This project modifies the bot_runner.py server to launch a new machine for each user session. This is a recommended approach for production vs. running shell processess as your deployment will quickly run out of system resources under load.

To speed up machine boot times, we also download and cache Silero VAD as part of the Dockerfile (install_deps.py). If you are using other custom models, you can add them here too.

For this example, we are using Daily as a WebRTC transport and provisioning a new room and token for each session. You can use another transport, such as WebSockets, by modifying the bot.py and bot_runner.py files accordingly.

Setting up your fly.io deployment

Create your fly.toml file

You can copy the example-fly.toml as a reference. Be sure to change the app name to something unique.

Create your .env file

Copy the base env.example to .env and enter the necessary API keys.

FLYFLY_APP_NAME should match that in the fly.toml file.

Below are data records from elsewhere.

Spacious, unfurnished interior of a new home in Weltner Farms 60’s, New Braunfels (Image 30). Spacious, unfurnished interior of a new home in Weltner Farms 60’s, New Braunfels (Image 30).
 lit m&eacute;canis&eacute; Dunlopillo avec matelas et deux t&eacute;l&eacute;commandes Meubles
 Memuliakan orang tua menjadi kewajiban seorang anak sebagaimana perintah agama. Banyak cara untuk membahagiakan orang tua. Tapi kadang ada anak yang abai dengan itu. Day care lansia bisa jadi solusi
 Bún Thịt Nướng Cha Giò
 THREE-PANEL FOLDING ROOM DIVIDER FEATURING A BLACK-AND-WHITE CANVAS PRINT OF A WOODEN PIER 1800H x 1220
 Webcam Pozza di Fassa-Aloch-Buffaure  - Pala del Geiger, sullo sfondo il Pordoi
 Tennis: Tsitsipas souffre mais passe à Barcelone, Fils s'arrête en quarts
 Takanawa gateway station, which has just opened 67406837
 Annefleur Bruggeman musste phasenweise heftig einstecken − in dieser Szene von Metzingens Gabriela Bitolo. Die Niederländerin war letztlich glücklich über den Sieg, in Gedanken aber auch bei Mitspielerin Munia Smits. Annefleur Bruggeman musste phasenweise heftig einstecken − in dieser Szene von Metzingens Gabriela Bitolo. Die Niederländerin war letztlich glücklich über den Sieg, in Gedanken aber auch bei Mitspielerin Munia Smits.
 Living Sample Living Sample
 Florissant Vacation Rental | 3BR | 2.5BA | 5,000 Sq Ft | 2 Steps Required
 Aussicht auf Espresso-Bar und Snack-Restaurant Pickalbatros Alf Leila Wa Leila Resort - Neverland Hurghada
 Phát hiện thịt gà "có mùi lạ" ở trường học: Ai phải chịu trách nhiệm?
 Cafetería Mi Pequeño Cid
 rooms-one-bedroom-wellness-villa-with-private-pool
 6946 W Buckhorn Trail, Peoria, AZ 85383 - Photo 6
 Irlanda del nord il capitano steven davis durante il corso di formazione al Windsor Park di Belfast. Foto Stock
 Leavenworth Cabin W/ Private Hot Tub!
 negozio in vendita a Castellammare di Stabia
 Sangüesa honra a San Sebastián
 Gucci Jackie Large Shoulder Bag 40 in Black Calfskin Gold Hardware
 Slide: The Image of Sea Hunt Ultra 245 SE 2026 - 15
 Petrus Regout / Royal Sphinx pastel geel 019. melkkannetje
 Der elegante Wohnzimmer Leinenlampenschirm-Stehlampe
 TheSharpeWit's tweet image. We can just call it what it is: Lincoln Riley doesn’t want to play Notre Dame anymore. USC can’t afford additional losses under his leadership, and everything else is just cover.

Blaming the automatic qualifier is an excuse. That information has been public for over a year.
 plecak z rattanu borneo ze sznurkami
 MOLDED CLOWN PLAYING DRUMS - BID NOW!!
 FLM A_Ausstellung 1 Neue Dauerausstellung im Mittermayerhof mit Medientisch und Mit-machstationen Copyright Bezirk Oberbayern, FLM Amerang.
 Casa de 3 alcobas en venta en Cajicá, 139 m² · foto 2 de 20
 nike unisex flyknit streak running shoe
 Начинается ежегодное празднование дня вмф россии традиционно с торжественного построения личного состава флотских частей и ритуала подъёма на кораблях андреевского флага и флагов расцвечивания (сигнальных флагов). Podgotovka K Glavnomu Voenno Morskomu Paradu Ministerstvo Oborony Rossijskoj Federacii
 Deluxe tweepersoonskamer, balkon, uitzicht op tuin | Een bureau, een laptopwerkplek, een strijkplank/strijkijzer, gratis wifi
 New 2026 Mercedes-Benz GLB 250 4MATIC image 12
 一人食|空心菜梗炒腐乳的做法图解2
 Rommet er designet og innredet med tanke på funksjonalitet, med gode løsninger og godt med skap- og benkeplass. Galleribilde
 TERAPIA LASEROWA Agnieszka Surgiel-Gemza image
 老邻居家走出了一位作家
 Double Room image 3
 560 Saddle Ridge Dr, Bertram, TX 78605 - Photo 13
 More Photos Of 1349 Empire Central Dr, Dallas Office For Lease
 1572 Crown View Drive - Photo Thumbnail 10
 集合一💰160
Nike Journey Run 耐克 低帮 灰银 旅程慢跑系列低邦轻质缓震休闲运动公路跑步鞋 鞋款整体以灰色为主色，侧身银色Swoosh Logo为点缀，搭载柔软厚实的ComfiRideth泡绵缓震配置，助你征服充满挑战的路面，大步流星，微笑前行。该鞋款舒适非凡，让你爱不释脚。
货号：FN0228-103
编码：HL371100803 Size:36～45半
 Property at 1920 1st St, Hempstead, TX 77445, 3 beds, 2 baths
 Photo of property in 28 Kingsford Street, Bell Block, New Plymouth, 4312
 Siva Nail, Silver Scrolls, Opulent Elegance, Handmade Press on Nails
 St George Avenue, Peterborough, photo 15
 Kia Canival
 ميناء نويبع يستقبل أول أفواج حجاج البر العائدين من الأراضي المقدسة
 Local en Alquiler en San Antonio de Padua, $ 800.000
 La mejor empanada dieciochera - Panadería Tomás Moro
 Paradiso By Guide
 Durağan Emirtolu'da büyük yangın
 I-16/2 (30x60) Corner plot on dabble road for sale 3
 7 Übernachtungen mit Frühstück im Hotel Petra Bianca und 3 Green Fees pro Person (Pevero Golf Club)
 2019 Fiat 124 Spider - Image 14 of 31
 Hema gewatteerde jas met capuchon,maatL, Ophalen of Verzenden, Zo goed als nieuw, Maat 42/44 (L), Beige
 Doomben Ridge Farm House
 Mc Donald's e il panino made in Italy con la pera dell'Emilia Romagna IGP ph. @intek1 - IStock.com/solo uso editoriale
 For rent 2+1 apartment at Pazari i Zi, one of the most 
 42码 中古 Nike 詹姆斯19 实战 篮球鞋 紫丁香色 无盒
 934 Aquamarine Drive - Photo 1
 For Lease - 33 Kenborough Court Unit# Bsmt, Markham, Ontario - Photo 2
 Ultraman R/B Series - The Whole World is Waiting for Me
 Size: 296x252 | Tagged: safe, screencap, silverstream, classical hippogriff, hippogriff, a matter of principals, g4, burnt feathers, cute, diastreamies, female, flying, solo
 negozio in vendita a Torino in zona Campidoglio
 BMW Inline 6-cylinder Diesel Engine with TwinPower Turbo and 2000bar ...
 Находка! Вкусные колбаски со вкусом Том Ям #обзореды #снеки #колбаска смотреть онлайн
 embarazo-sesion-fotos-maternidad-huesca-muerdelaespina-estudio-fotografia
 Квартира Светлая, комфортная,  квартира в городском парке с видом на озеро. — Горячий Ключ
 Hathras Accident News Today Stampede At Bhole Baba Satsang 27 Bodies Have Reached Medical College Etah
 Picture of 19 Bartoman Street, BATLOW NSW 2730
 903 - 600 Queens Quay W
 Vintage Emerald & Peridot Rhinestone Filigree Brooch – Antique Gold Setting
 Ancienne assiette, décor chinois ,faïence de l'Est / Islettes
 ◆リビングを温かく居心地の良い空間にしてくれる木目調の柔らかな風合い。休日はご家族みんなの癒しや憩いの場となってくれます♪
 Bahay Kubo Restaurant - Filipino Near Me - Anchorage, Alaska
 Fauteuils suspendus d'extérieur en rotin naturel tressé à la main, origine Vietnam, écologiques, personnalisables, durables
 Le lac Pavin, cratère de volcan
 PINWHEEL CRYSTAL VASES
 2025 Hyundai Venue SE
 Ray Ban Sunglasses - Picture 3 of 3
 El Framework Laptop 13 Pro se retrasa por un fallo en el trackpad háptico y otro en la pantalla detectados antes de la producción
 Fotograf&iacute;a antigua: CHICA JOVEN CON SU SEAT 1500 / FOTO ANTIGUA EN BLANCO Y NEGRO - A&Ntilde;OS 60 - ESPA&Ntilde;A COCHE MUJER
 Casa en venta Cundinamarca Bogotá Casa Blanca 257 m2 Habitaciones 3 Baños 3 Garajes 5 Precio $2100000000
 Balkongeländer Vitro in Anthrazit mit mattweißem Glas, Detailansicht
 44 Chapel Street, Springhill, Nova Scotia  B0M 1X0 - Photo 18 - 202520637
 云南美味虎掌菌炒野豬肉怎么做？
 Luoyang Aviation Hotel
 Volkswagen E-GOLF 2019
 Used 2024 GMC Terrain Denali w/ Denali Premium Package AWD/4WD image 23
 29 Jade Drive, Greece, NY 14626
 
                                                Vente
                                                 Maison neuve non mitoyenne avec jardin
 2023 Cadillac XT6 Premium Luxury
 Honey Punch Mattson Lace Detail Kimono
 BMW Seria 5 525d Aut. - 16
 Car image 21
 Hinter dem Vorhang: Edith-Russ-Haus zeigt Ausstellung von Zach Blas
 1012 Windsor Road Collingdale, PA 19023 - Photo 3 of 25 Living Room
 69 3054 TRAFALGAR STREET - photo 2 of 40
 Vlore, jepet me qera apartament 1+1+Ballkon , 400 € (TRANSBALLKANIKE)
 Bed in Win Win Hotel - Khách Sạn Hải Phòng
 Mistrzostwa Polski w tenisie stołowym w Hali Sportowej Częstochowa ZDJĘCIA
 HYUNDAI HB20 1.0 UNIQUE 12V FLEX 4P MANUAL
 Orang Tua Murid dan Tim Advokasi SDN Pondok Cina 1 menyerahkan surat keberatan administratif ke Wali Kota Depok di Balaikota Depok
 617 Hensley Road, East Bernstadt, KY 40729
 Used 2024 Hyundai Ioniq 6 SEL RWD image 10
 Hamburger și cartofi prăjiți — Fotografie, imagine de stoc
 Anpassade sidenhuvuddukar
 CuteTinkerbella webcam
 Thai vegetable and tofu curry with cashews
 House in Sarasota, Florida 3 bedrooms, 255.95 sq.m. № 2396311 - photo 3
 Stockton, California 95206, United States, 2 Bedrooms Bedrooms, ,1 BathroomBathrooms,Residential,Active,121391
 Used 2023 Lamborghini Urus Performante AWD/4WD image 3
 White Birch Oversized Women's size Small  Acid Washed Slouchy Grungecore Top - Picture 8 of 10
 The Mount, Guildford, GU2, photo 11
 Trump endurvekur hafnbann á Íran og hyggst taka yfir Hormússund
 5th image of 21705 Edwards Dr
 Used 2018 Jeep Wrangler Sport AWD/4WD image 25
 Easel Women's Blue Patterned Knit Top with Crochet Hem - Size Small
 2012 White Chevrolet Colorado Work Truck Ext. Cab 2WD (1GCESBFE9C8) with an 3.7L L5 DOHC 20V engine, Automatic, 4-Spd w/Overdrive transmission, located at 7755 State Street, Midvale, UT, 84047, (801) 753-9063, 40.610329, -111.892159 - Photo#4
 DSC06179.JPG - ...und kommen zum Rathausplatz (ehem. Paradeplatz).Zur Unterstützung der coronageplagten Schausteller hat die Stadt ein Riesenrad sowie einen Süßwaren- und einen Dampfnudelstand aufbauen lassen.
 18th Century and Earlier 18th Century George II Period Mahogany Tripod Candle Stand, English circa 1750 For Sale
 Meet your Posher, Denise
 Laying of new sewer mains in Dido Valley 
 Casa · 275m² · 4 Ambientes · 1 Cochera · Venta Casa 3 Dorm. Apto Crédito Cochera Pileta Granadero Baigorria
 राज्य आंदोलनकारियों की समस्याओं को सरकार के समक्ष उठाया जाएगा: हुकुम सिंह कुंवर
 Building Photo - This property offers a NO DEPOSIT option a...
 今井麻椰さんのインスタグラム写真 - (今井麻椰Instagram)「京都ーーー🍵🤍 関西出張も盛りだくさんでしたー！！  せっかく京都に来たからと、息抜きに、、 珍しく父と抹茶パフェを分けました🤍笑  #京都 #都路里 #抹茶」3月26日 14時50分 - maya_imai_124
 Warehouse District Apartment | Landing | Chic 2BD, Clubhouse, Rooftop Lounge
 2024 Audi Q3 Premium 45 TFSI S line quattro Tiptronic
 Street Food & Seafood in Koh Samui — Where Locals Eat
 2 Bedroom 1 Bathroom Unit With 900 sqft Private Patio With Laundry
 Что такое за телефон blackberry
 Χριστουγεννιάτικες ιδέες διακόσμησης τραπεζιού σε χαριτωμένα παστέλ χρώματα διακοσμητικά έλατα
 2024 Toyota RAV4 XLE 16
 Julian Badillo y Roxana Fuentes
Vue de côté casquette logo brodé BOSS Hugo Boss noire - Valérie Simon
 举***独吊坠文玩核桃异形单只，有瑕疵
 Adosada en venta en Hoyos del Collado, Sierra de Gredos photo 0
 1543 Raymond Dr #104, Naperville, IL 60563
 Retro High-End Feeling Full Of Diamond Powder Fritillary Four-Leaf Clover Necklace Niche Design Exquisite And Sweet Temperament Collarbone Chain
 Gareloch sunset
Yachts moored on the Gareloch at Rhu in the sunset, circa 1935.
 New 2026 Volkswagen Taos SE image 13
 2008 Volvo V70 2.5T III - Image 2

Launch a new fly.io project

fly launch or fly launch --org your-org-name

Set the necessary app secrets from your .env

Note: you can do this manually via the fly.io dashboard under the "secrets" sub-section of your deployment (e.g. "https://fly.io/apps/fly-app-name/secrets") or run the following terminal command:

cat .env | tr '\n' ' ' | xargs flyctl secrets set

Deploy your machine

fly deploy

Connecting to your bot

Send a post request to your running fly.io instance:

curl --location --request POST 'https://YOUR_FLY_APP_NAME/start_bot'

This request will wait until the machine enters into a starting state, before returning the a room URL and token to join.